# 13ft NRS otter



## Norcalocal (Mar 31, 2016)

I recently acquired a 13 ft NRS otter. It's in decent shape with one patch on the main tube. I'm concerned about taking it on class IV and V water because it only has two main tube chambers, however the previous owner told me he had taken it on class V. Does anyone have any experience with the two chamber Otters. Are there any recommendations, precautions, or advise about this type of boat? I plan to run it with oars, paddles, and both.


----------



## dirtbagkayaker (Oct 29, 2008)

The otter is a good boat. If it is self bailing and in good shape. Chambers usually don't go and if they do, one is better than none and 3 out of four still sucks. Your right to be concerned about class 5 water. Not just with the quality of gear but the level of talent needed from the crew. The overwhelming majority of boaters skilled enough to captain class 5 in a raft would know the answers to your question. So because you need to ask, my response to you would be to stay out of class 5 water. Start slow and see what you can accomplish. Run hard class 3 to easy 4 road side. if all good then move up.


----------



## Norcalocal (Mar 31, 2016)

Thanks for the feedback, that gives me some confidence that the boat can handle some more challenging water. I also appreciate your advise to work up to the skill level necessary for harder water; I am experienced rowing and paddling rivers that have several class 4 and a few class 5 rapids.


----------



## Noswetnam (Mar 8, 2016)

I ve had 2001 otter since it was new and still serves me well. It's been on everything from the tatshenshini to cataract to day trip paddle boating. Yes there are better boats out there and there are things I don't like ie lack of handles, d rings ( easily fixable) the 2 tube Chambers with valves on the side of the boat make it a pain to deflate. It's been a great boat plan on passing it on to the kids. As far as running class v with it ...Have fun


----------



## Norcalocal (Mar 31, 2016)

Noswetnam said:


> I ve had 2001 otter since it was new and still serves me well. It's been on everything from the tatshenshini to cataract to day trip paddle boating. Yes there are better boats out there and there are things I don't like ie lack of handles, d rings ( easily fixable) the 2 tube Chambers with valves on the side of the boat make it a pain to deflate. It's been a great boat plan on passing it on to the kids. As far as running class v with it ...Have fun


Exact response I was hoping to hear! Thanks


----------



## Quiggle (Nov 18, 2012)

I own an Otter 13. Its from 2013 and has three main chambers and the floor. I plan on taking it out to the kern this year as a paddle rig. I used to run an otter 12 on the Kern. Have run the Forks and all the lower sections in that boat. It didn't bail as fast a 13-e but is small light and paddles great! Small boats are fun!


----------



## brendodendo (Jul 18, 2004)

I'd say run the boat on a few IV runs and get used to it. Then step it up once your confident with the boat (and crew).

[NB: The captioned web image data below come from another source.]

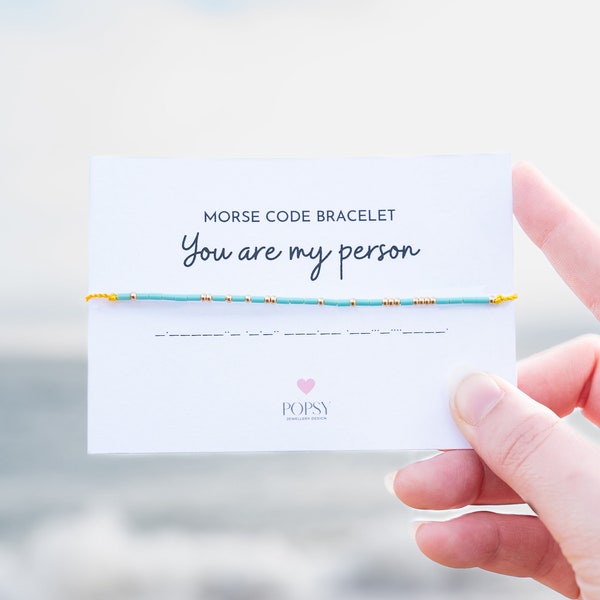 You are my person Morse code bracelet | Morse code armband | Bracelet homme | Letter box gift | Custom Minimal Secret Message Bracelets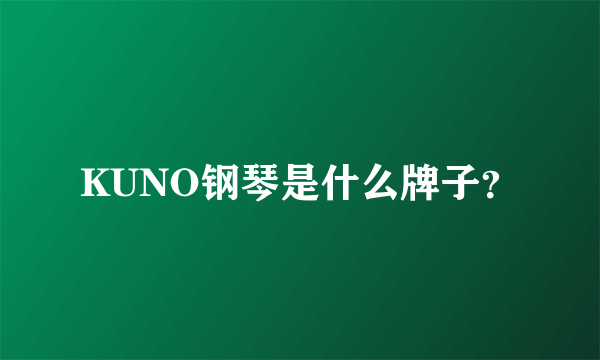 KUNO钢琴是什么牌子？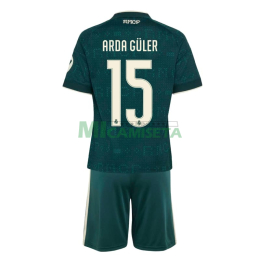 Camiseta ARDA GÜLER 15 Real Madrid  Segunda Equipación 2026/2027 Verde Oscuro Niño Kit con Parche HP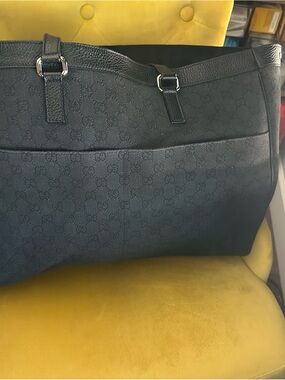 Gucci Black Denim Style GG Logo Tote with Textured Leather Trim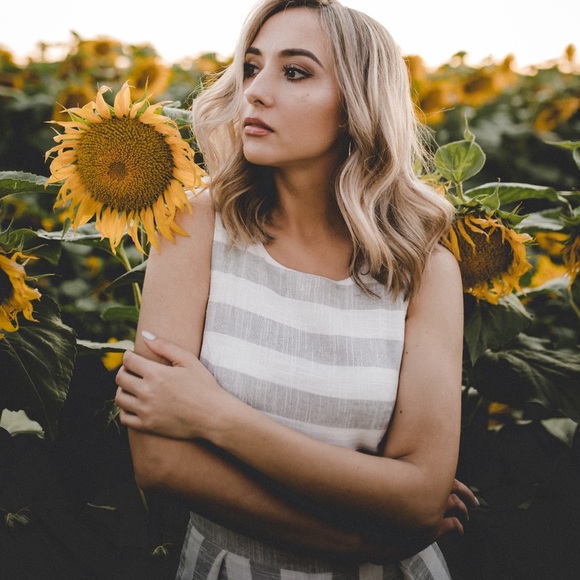 Linen white and grey striped midi jumpsuit - Picture 5 of 5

Thread Jack Alert: Quiggle, When are you headed out for some Kern action? I have had the Forks on my To Do list for some time now. Defiantly want to get on it if it runs this year. Hit me up on PM.


----------



## Quiggle (Nov 18, 2012)

Well the wife and I are in the process of moving to Phoenix. Ideally Ill be out there anywhere from the last week in May to the end of June? The Forks is bad ass, very committing and the most technical continous class 5 I've ever run, well there is Cherry Creek too. My days of running the forks at 2 grand plus are done, Id be interested around 900-1200 ish. Also hoping the damn dam makes a lower season happen to. 

I have many good friend in the kern river valley that would love to talk logistics and planning a forks trip if your in the area.


----------